> [Directions for this task]
Whatever lies between the line with "It's the same both ways." and the end of the data, both included, must be copied exactly and without pictures.

Records from a collection:

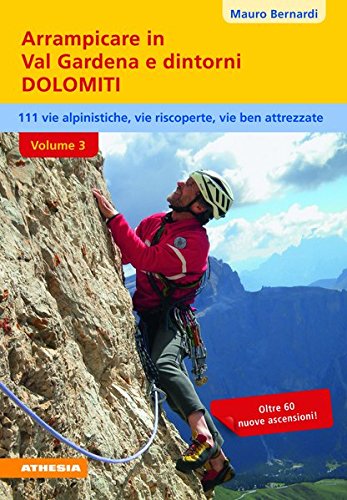 Arrampicare in val Gardena e dintorni. Dolomiti. 110 vie alpinistiche, vie ben attrezzate, vie riscoperte: 3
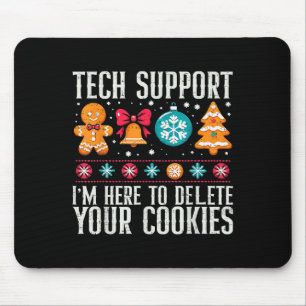 Tapis De Souris Tech Support Je suis ici pour supprimer vos cookie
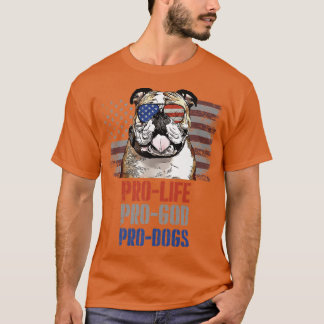 Bulldog Pro Life Pro God Pro Dogs Premium T-shirt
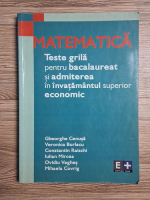 Gheorghe Cenusa, Veronica Burlacu - Matematica. Teste grila pentru bacalaureat si admiterea in invatamantul superior economic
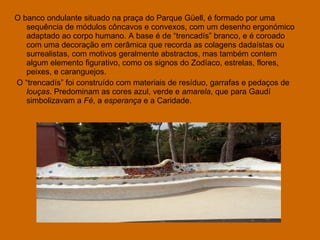 O banco ondulante situado na praça do Parque Güell, é formado por uma sequência de módulos côncavos e convexos, com um desenho ergonómico adaptado ao corpo humano. A base é de “trencadís” branco, e é coroado com uma decoração em cerâmica que recorda as colagens dadaístas ou surrealistas, com motivos geralmente abstractos, mas também contem algum elemento figurativo, como os signos do Zodíaco, estrelas, flores, peixes, e caranguejos. O “trencadís” foi construído com materiais de resíduo, garrafas e pedaços de  louças . Predominam as cores azul, verde e  amarela , que para Gaudí simbolizavam a  Fé , a  esperança  e a Caridade. 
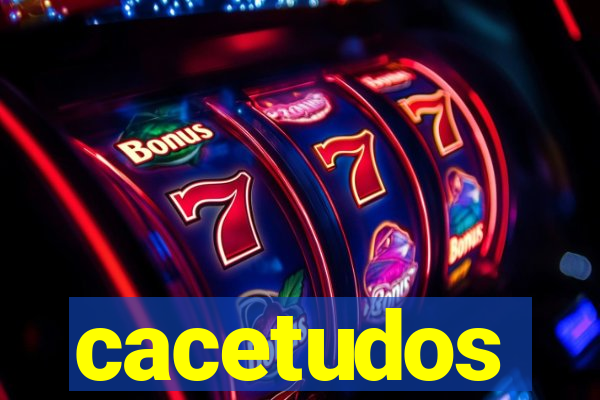 cacetudos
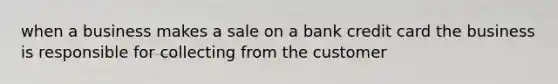 when a business makes a sale on a bank credit card the business is responsible for collecting from the customer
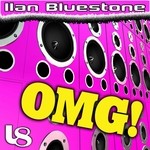 cover: Ilan Bluestone - OMG!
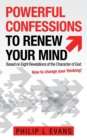 Image for Powerful Confessions to Renew Your Mind : Based on Eight Revelations of the Character of God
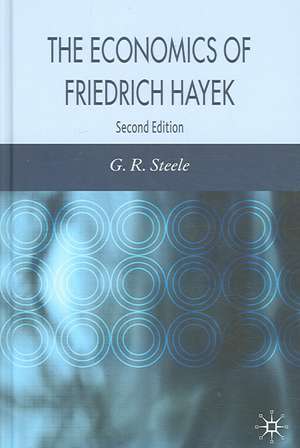 The Economics of Friedrich Hayek de G. Steele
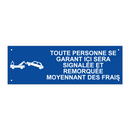 Toute personne se garant ici sera signalée et remorquée moyennant des frais.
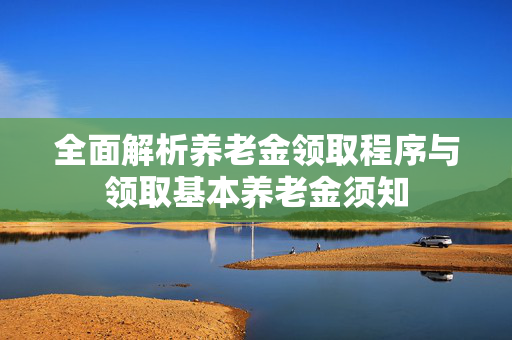 全面解析养老金领取程序与领取基本养老金须知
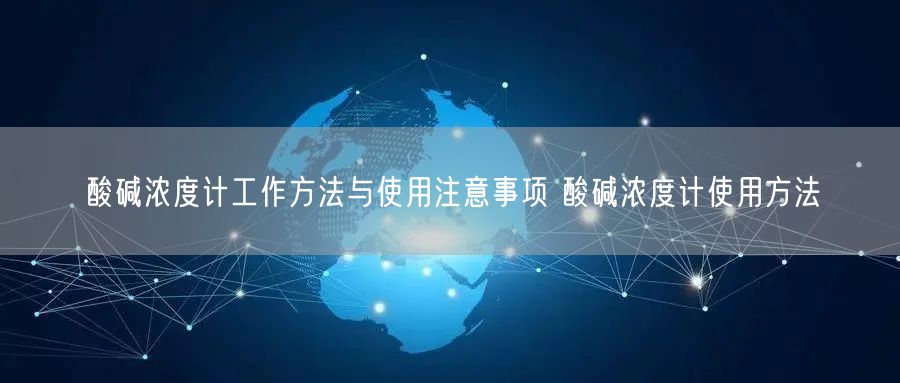酸堿濃度計工作方法與使用注意事項 酸堿濃度計使用方法(圖1) 酸堿濃度計工作方法與使用注意事項 酸堿濃度計使用方法(圖1)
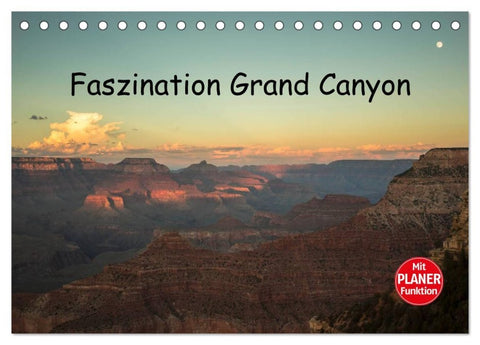 Faszination Grand Canyon (Tischkalender 2026 DIN A5 quer), CALVENDO Monatskalender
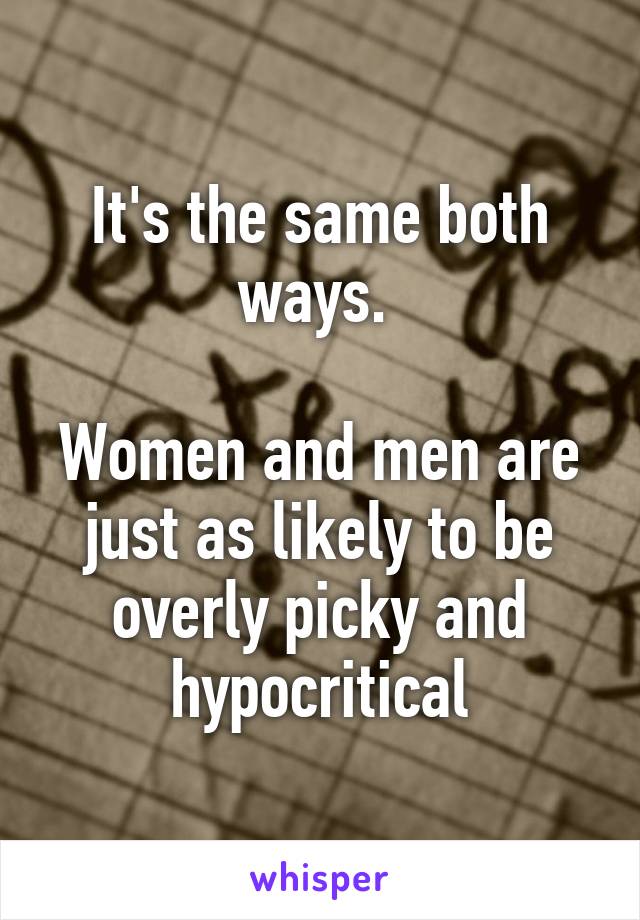 It's the same both ways. 

Women and men are just as likely to be overly picky and hypocritical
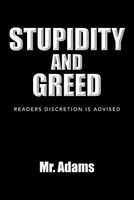 Stupidity and Greed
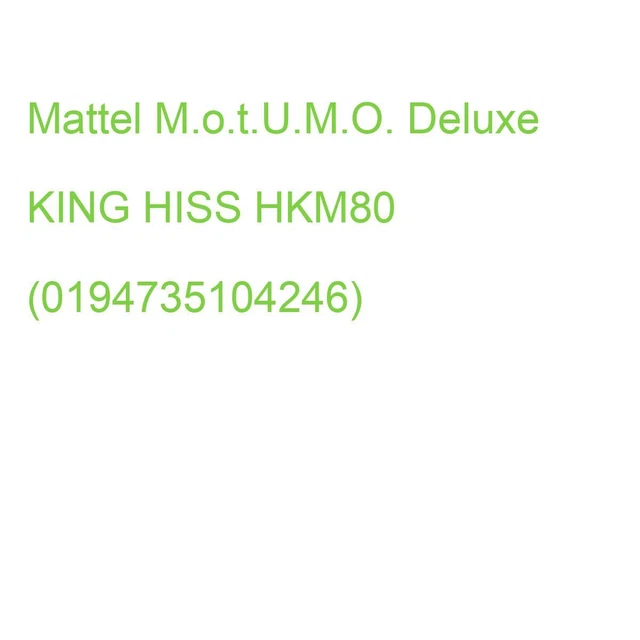 Mattel M.o.t.U.M.O. Deluxe KING HISS HKM80 (0194735104246)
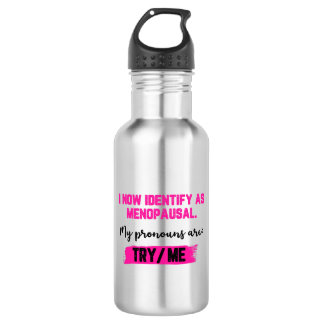I Now Identify As Menopausal. My Pronouns: Try/Me 532 Ml Water Bottle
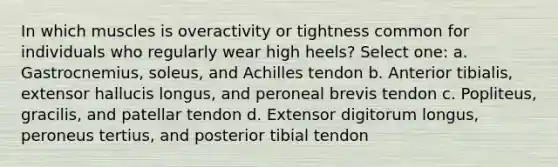 In which muscles is overactivity or tightness common for individuals who regularly wear high heels? Select one: a. Gastrocnemius, soleus, and Achilles tendon b. Anterior tibialis, extensor hallucis longus, and peroneal brevis tendon c. Popliteus, gracilis, and patellar tendon d. Extensor digitorum longus, peroneus tertius, and posterior tibial tendon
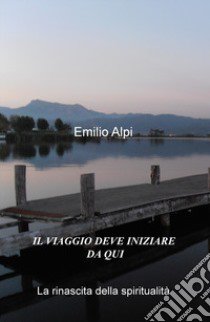 Il viaggio deve iniziare da qui. La rinascita della spiritualità libro di Alpi Emilio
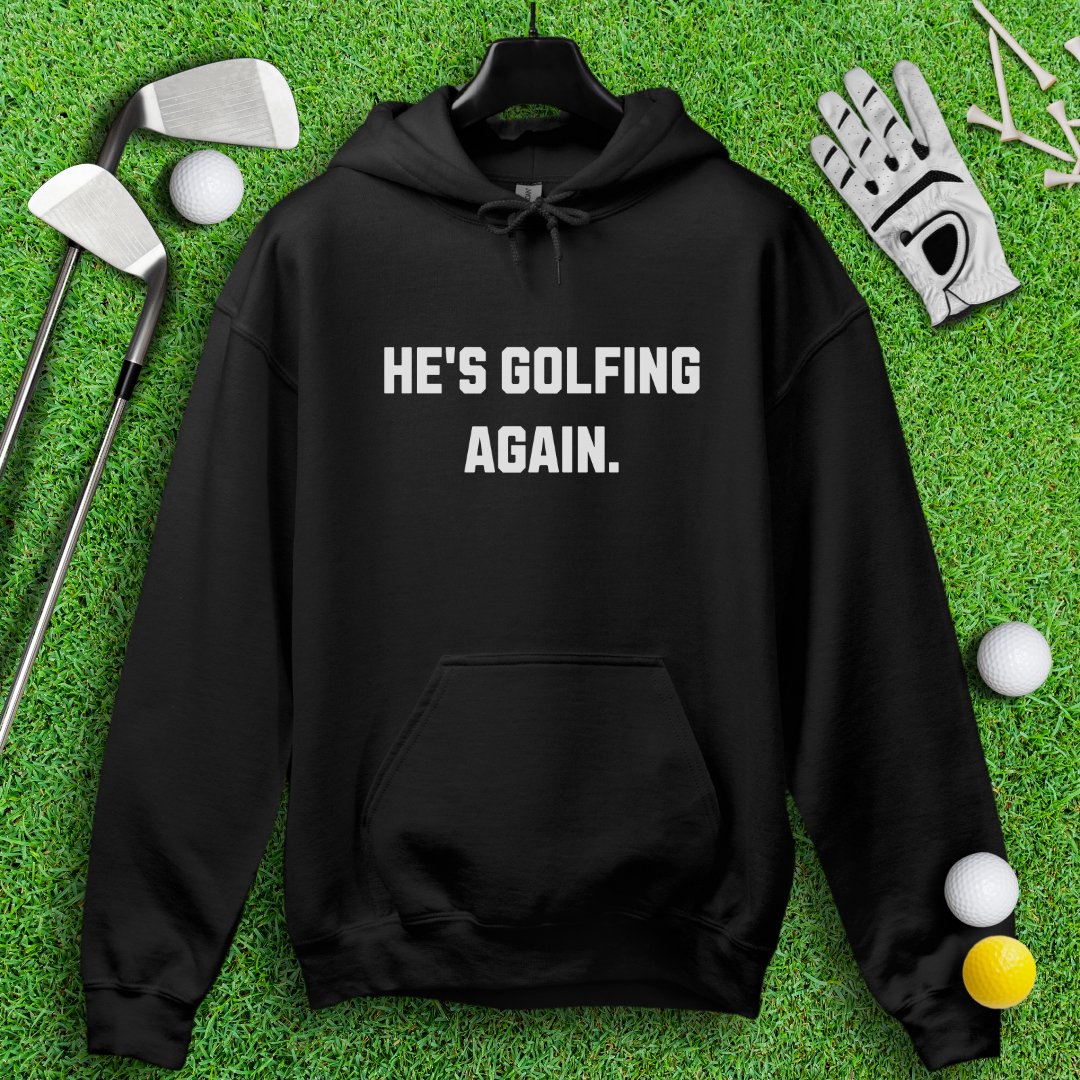 He's Golfing Again Hoodie - TeeHee Golf Gear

> [Solution to this exercise]
 It's the same both ways. 

Women and men are just as likely to be overly picky and hypocritical
 Stupidity and Greed
 Mattel M.o.t.U.M.O. Deluxe KING HISS HKM80 (0194735104246)
I Now Identify As Menopausal. My Pronouns: Try/Me 532 Ml Water Bottle
 In which muscles is overactivity or tightness common for individuals who regularly wear high heels? Select one: a. Gastrocnemius, soleus, and Achilles tendon b. Anterior tibialis, extensor hallucis longus, and peroneal brevis tendon c. Popliteus, gracilis, and patellar tendon d. Extensor digitorum longus, peroneus tertius, and posterior tibial tendon
 Il viaggio deve iniziare da qui. La rinascita della spiritualità libro di Alpi Emilio
 He's Golfing Again Hoodie - TeeHee Golf Gear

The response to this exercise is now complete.